Fungsi sosial kritik sastra di Indonesia hampir jauh dari masyarakatnya. Kritik sastra akademik yang dihasilkan ribuan mahasiswa sastra seolah mandek di perpustakaan kampus. Jangankan masyarakat sastra, para pengarang yang karyanya dibahas pun mungkin tidak tahu apa fungsi kritik itu terhadap perkembangan karier kepenulisan mereka. Sementara kritik yang muncul di media massa kebanyakan resensi yang lebih banyak bersifat seperti promosi untuk buku sastra terkait. 

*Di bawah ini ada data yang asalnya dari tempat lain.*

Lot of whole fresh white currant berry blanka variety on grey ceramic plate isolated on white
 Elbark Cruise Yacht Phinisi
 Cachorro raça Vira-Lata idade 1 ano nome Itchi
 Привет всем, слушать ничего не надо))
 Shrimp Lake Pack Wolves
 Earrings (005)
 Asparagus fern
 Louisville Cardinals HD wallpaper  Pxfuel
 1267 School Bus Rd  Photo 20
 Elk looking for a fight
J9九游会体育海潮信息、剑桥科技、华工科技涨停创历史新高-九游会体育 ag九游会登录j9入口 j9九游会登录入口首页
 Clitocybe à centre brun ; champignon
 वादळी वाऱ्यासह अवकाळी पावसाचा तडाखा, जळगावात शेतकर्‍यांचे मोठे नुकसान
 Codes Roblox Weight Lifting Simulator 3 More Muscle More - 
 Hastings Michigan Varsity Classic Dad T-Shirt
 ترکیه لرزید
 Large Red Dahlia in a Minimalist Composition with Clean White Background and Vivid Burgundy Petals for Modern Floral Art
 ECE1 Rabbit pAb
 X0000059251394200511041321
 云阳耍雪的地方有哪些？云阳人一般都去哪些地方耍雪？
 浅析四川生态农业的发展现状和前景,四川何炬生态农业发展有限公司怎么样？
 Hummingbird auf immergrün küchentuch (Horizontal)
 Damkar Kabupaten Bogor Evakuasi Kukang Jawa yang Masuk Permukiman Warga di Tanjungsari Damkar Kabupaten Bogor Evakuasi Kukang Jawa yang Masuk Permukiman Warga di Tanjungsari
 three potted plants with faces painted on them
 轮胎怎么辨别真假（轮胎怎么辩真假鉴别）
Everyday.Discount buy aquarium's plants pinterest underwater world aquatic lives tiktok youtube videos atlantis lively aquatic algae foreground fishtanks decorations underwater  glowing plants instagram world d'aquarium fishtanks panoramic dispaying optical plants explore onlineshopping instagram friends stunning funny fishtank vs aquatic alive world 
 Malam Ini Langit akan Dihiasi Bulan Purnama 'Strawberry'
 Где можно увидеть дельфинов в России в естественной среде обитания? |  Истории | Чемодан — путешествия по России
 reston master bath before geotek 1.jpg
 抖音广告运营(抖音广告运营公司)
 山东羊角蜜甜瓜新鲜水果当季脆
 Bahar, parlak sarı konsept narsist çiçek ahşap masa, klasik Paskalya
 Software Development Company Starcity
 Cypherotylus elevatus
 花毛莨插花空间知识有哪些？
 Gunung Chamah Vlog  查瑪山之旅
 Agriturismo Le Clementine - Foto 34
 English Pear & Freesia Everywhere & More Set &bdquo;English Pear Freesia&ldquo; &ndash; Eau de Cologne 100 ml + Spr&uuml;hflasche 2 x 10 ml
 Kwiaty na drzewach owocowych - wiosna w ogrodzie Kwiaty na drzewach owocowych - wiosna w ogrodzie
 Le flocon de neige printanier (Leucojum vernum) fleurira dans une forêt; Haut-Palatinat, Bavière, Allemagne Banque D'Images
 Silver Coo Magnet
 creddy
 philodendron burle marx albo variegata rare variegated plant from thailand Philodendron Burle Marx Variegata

Padahal, Eagleton menemukan fakta bahwa secara historis konsep modern mengenai kritik sastra sangat erat bila dikaitkan dengan bangkitnya publik liberal borjuis abad ke-18 di Inggris. Sastra, pada waktu itu, mampu membantu gerakan emansipasi kelas menengah sebagai alat untuk memperoleh harga diri serta mengungkapkan tuntutan-tuntutan manusiawi melawan negara absolut dan masyarakat hierarkis. Eagleton menguatkan pendapatnya dengan mengutip pandangan Peter Hohendahl bahwa pada masa pencerahan konsep kritik tidak dapat dilepaskan dari lembaga lingkup publik. Diskusi sastra yang sebelumnya berperan sebagai bentuk pengesahan masyarakat istana di dalam ruang-ruang aristokratik menjadi suatu arena untuk merintis jalan bagi diskusi politik dalam kelas-kelas menengah.

Fakta yang ditunjukkan Eagleton dan Hohendahl ini meluaskan pandangan bahwa (1) kritik sastra tidak hanya berupa tulisan, tetapi juga diskusi-diskusi tentang karya sastra, dan (2) fungsi dari kritik sastra tidak berhenti pada lingkup ilmu sastra saja, tetapi dapat pula menggerakkan masyarakat dan membangun kebudayaannya. Muara dari kedua fakta tersebut adalah bahwa kritik sastra dapat berasal dari sebuah peristiwa kebudayaan. Dengan demikian, siapa pun boleh mengeluarkan kritik sastra tanpa harus menuliskannya sehingga (penulisan) sejarah sastra perlu meluaskan kerjanya tidak hanya pada peristiwa-peristiwa kebudayaan, tetapi juga perlu pula menelisik sudah sejauh mana fungsi kritik sastra dalam perkembangan kebudayaan suatu masyarakat.  

Guna mengetahui hubungan kritik sastra dan perkembangan kebudayaan di Indonesia, polemik kebudayaan yang terjadi sebelum kemerdekaan dapat menjadi titik mula kajian. Polemik kebudayaan yang mengemuka sebelum Indonesia merdeka tidak dapat dilepaskan dari adanya kritik sastra terhadap karya Sanusi Pane yang dianggap mengagungkan budaya Timur dan karya Sutan Takdir Alisjahbana yang dianggap mewakili budaya Barat. Kritik sastra saat itu telah turut ambil bagian dalam perumusan awal bagaimana pembangunan kebudayaan di Indonesia akan dimulai.

Sejarah kemudian juga mencatat tindakan saling kritik antara Manikebu dan Lekra yang turut pula menggerakkan masyarakat untuk ikut merumuskan kebudayaan barunya yang lepas dari garis kekuasaan Orde Lama menuju Orde Baru. Pada posisi yang demikian tidak jelas apakah kritik sastra dimasuki atau masuk ke dalam ranah politik, tetapi apa yang tersirat kemudian adalah lahirnya gaya baru dalam kepenulisan karya sastra yang turut memengaruhi kebudayaan masyarakat Orde Baru dalam dimensi humanisme universal. 

Sastra kontekstual

Kemudian pernah muncul pula perdebatan sastra kontekstual pada pertengahan dekade 1980-an. Pada peristiwa tersebut, sastra dikritik dari sudut pandang fungsi sosialnya. Kritik ini tentu menginginkan karya sastra yang membangun kebudayaan masyarakatnya dan tidak sekadar menghibur pembacanya untuk menghabiskan waktu luang. Tercatat pula peristiwa- peristiwa kebudayaan lain tempat kritik sastra muncul dan mengambil peran penting dalam pembangunan kebudayaan, seperti merebaknya sastra sufistik yang mulai menggerakkan kaum muslim kelas menengah.

Uraian di atas hanyalah awal lintasan persinggungan antara kritik sastra dan perkembangan kebudayaan Indonesia sebagai salah satu jalan mengetahui pergeseran fungsi kritik sastra di negeri ini.

Tentu, kajian terhadap fungsi kritik sastra yang diambil dari peristiwa kebudayaan akan melengkapi pembicaraan sastra yang selama ini hanya berasal dari media massa-yang tidak dapat selalu meliput seluruh peristiwa kebudayaan-dan karya-karya akademik. Apa yang tidak boleh dilupakan ketika hendak menguraikan fungsi kritik sastra dalam peristiwa kebudayaan adalah faktor kekuasaan yang melatarbelakangi setiap peristiwa kebudayaan. Pada akhirnya kajian serupa itu dapat membedah ke arah mana selama ini wacana yang dibangun kritik sastra untuk kebudayaan Indonesia.